小欄は、先の自民党総裁選で1年後の消費税増税が既定路線として扱われていることに警鐘を鳴らしたところ、安倍晋三首相周辺を含め多くの読者から賛同する声が寄せられた。(夕刊フジ)
折しも米中貿易戦争が激化している。ボーッとして増税する場合か。
グラフはアベノミクスが始動して以来の日本の輸出と正味の家計消費の前年比推移である。家計消費は消費税率アップのたびに名目額がかさ上げされるため、消費税分を差し引いて算出した。一目瞭然、アベノミクスがもたらしている景気回復は輸出主導である。
2018年度(4~6月期の年率値)を12年度に比べると、輸出は国内総生産(GDP)を6・5%、32兆円余り押し上げたのに対し、正味家計消費のそれは0・7%、3・5兆円弱に過ぎない。14年度以降でみると、輸出は22兆円弱増となったが、正味家計消費は4・9兆円減った。
家計消費に代表される内需は増税と緊縮財政によって強く押さえつけられている。

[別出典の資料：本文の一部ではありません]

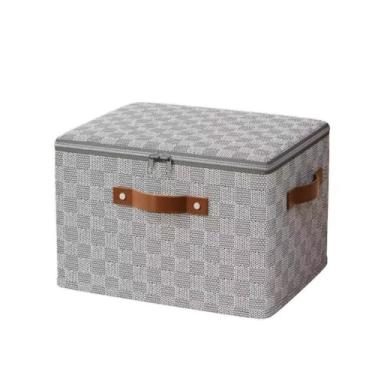 Imagem de Caixa Organizadora de Roupas com Zíper Dobrável – Grande Capacidade para Colchas, Cobertores e Brinquedos(G 49CM*37CM*31CM)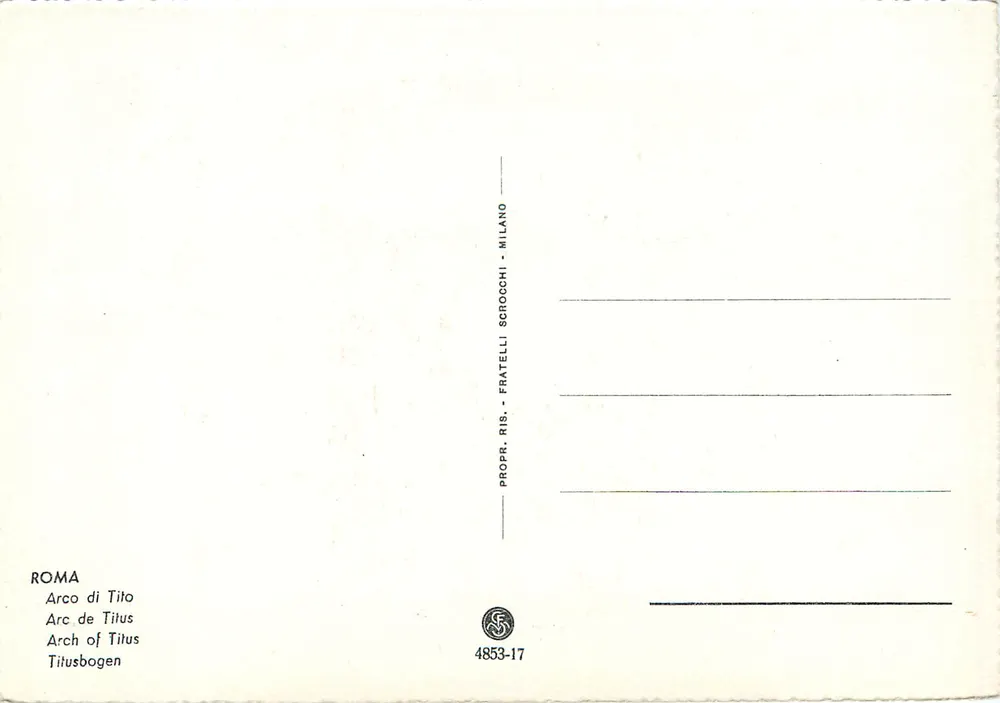 Arco de Tito — Roma — editor Fratelli Scroccchi, n° 4853-17 - Verso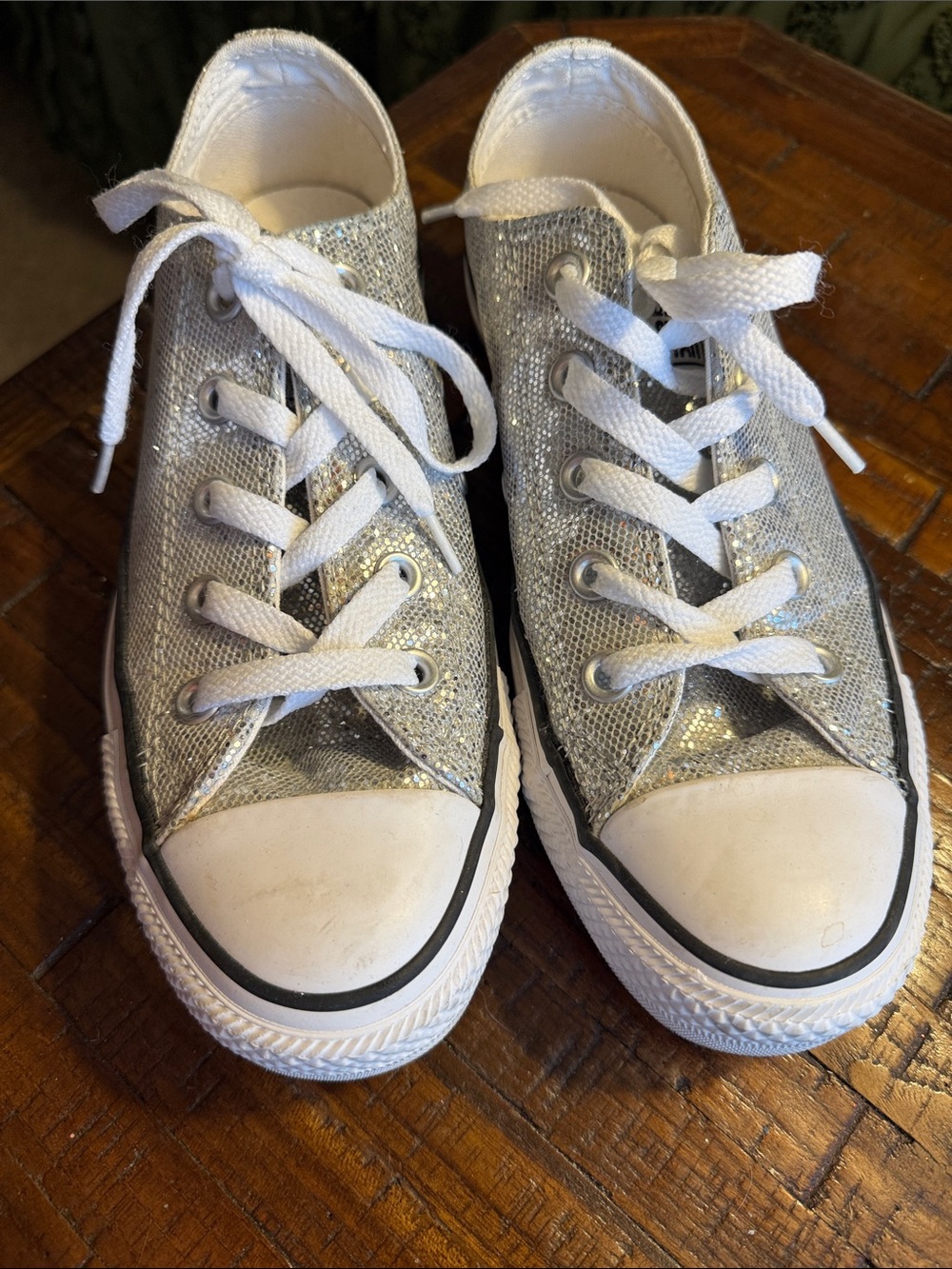 Converse women’s Silver Glitter Low-Top Sneakers with White Laces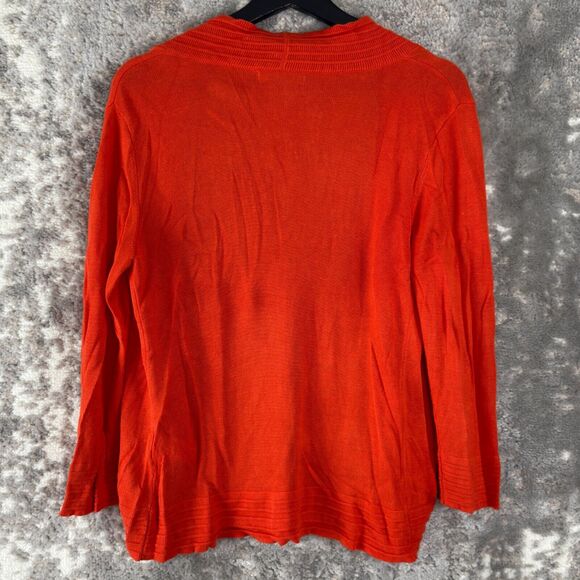 41 Hawthon Size M Casual Open Front Cardigan Sweater Orange Long Sleeve - Picture 3 of 7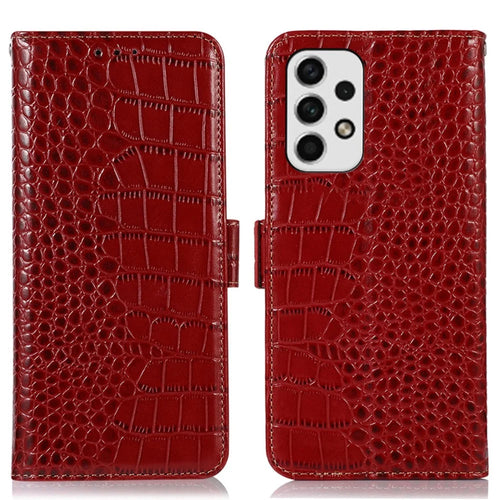 For Samsung Galaxy A33 5G Crocodile Texture RFID Blocking Genuine Cowhide Leather Wallet Phone Cover, Fall Proof Stand Magnetic Flip Folio Case - Red - 1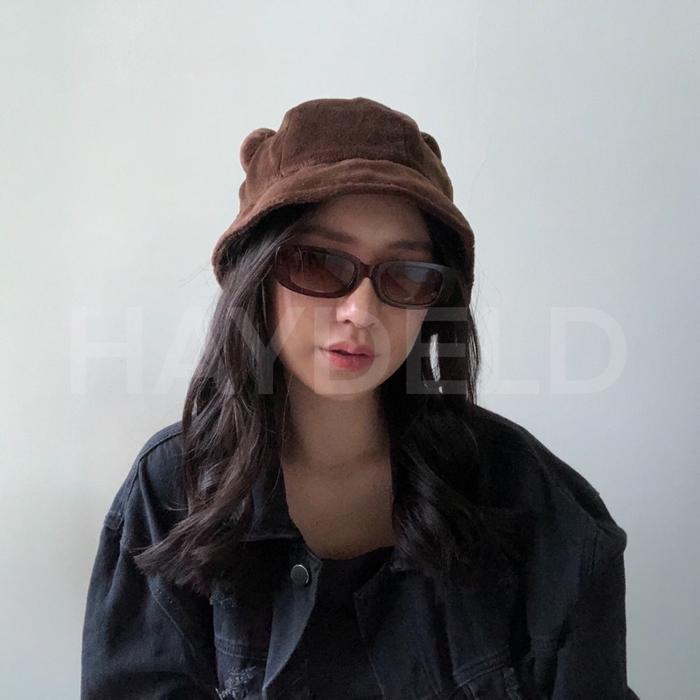 HAYDELD - Teddy Bucket Hat | Topi Bucket Hat Bulu | Topi Bucket Hat Pom Pom | Topi Bucket Hat Bahan 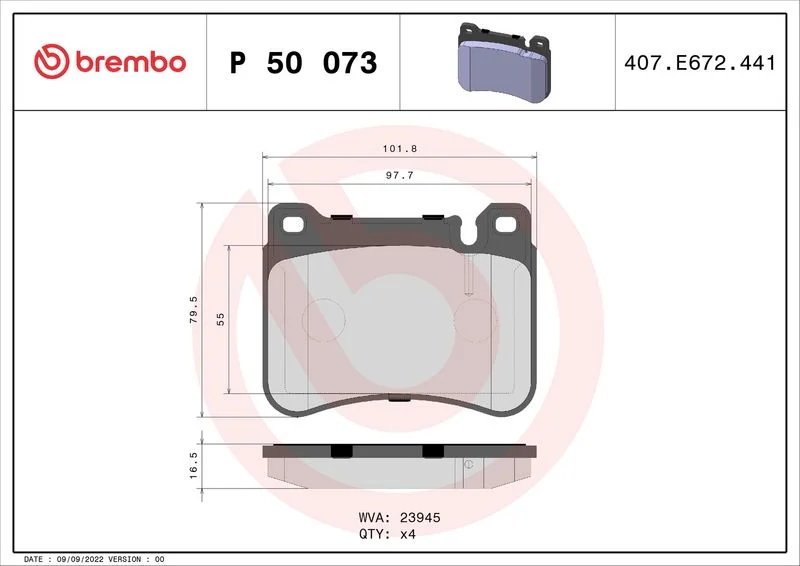 Sada brzdových platničiek, kotúčová brzda BREMBO P 50 073X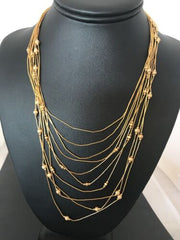 Gold Filled Beads Liquid Heishi 10 Strand Tube Necklace | Graduated | 3694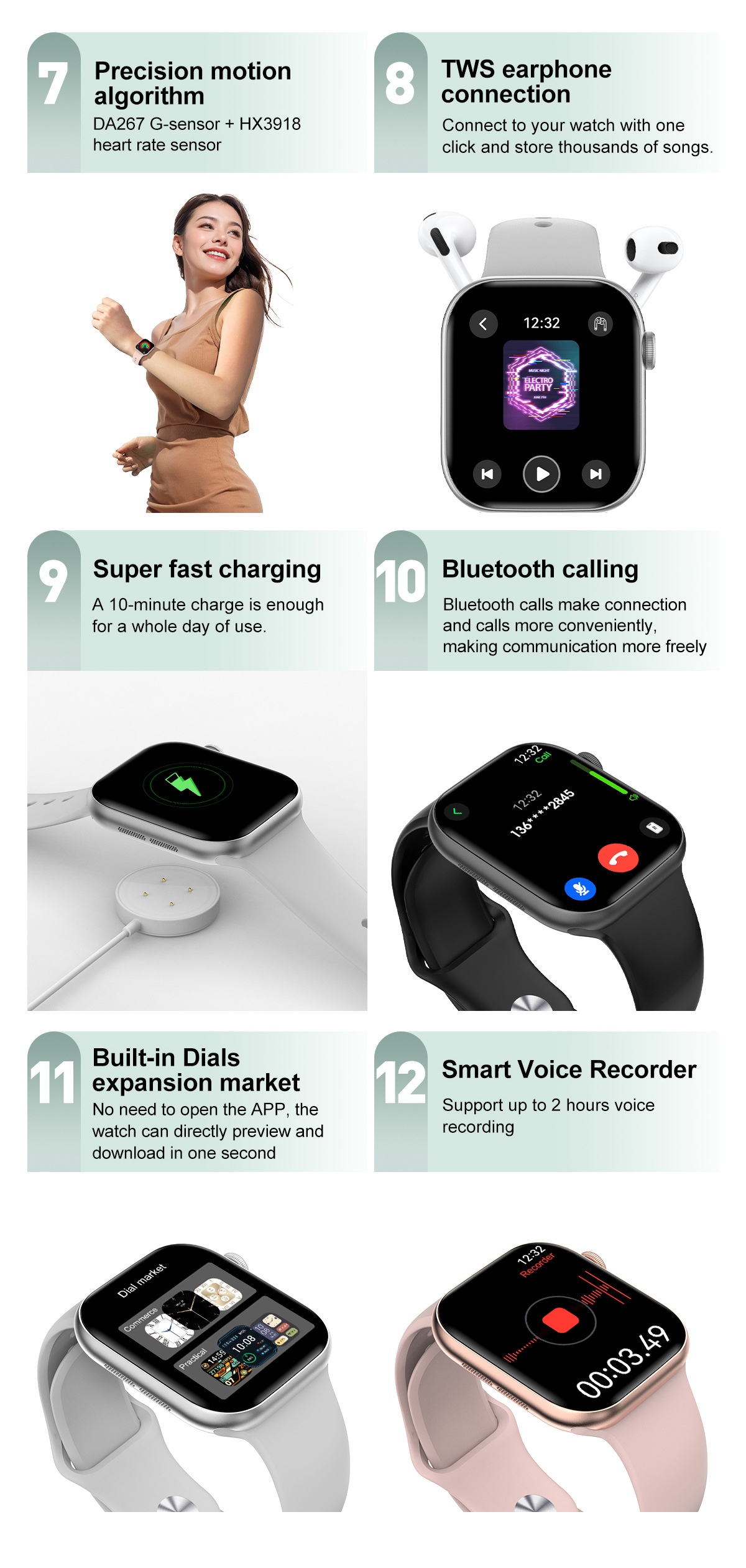 DT Watch 10 Smart Watch with 1.96" AMOLED Display, 16GB & Bluetooth Call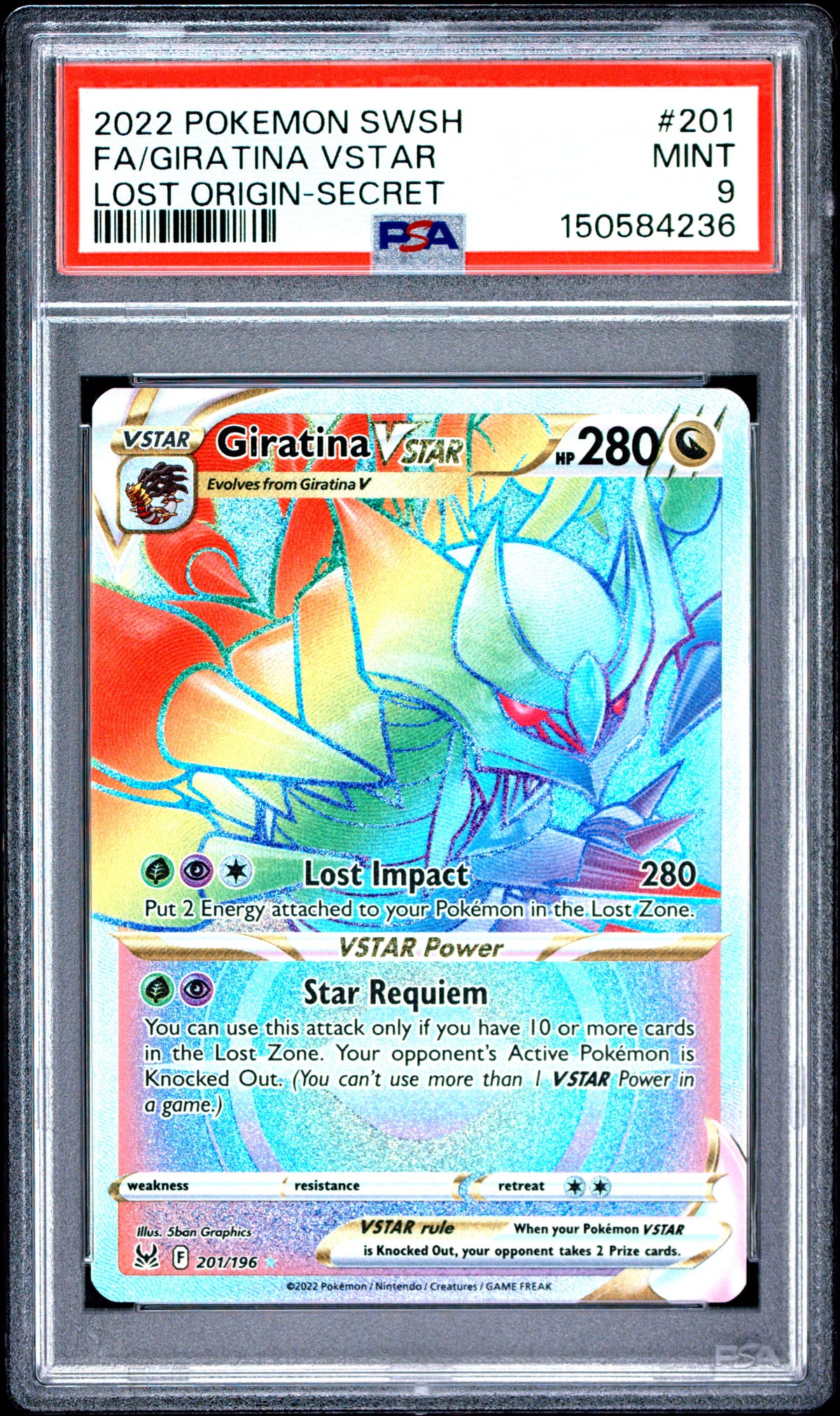 Giratina VSTAR 201 Sword & Shield Lost Origin PSA 9 front - cert 150584236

異次元金融緩和政策がもたらす円安と米景気の拡大の相乗効果で輸出が伸び、設備投資や求人倍率上昇が支えられるという構図である。
予定通り消費税率10%実施を安倍首相に勧める向きは、求人倍率が1974年1月以来の水準まで高まった有効求人倍率を根拠にしている。雇用情勢が逼迫(ひっぱく)化している中では、家計消費が受ける増税ショックは一時的で軽く済むとみるわけだ。首相の言う教育無償化の財源も確保できるし、財政再建にも役立つ、といいことずくめの楽観論である。